DIRECTIONS FOR THIS TASK:
For every line below that includes the word "Dress", add one; report the final number and nothing else.

SUPPLIED INFORMATION:
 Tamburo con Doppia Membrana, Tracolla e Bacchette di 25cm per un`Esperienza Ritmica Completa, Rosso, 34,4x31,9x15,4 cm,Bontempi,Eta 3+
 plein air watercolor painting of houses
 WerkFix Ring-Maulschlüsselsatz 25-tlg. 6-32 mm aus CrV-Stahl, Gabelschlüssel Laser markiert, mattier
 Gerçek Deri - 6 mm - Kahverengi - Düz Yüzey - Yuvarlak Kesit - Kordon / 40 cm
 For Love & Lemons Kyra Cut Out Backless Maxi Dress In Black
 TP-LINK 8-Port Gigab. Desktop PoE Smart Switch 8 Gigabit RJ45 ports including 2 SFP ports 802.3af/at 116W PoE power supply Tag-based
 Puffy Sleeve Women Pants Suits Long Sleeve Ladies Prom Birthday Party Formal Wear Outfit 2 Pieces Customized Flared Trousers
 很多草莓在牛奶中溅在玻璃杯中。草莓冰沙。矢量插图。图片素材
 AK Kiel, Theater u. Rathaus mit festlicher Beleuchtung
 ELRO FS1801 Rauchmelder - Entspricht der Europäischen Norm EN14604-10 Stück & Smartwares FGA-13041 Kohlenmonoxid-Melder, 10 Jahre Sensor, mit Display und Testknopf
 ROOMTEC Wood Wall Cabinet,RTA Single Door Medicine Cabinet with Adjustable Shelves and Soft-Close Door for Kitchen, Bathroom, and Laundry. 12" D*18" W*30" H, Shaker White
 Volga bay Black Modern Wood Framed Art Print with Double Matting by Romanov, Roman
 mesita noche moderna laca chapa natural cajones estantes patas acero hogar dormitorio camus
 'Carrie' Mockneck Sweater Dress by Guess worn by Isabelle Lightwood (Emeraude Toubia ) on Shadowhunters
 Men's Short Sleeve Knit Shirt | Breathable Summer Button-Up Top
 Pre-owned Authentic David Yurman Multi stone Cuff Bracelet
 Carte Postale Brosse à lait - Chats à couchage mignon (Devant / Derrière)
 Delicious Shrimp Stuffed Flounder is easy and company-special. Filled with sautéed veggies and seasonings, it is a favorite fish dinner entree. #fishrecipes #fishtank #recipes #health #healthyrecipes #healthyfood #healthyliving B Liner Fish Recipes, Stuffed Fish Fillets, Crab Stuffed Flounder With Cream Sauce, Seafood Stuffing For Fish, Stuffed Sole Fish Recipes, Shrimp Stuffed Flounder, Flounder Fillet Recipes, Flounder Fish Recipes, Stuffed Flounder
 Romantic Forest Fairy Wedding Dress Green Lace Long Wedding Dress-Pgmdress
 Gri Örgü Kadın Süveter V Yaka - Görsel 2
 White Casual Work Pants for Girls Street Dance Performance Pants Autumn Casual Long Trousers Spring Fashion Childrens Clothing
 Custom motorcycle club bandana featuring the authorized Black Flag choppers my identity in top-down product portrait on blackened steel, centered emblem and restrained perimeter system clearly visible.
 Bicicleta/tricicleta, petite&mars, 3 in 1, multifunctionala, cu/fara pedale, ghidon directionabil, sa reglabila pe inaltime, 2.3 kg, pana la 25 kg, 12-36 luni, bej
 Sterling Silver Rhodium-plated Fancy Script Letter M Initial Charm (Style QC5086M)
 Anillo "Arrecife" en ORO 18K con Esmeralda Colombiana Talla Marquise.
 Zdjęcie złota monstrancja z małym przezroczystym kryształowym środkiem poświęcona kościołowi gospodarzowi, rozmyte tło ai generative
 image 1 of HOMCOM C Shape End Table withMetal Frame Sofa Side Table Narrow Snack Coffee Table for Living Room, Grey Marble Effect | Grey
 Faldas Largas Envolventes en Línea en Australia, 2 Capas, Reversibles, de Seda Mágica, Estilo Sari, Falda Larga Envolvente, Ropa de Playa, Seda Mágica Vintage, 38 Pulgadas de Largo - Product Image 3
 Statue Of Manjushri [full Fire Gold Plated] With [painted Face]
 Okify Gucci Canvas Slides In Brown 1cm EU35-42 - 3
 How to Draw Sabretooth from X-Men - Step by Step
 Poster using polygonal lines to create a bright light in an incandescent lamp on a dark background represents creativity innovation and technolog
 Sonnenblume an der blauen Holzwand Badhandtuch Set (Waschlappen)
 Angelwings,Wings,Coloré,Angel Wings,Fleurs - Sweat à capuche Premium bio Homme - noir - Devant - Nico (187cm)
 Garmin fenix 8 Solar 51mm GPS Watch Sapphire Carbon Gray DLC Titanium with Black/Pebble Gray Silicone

YOUR SOLUTION:
3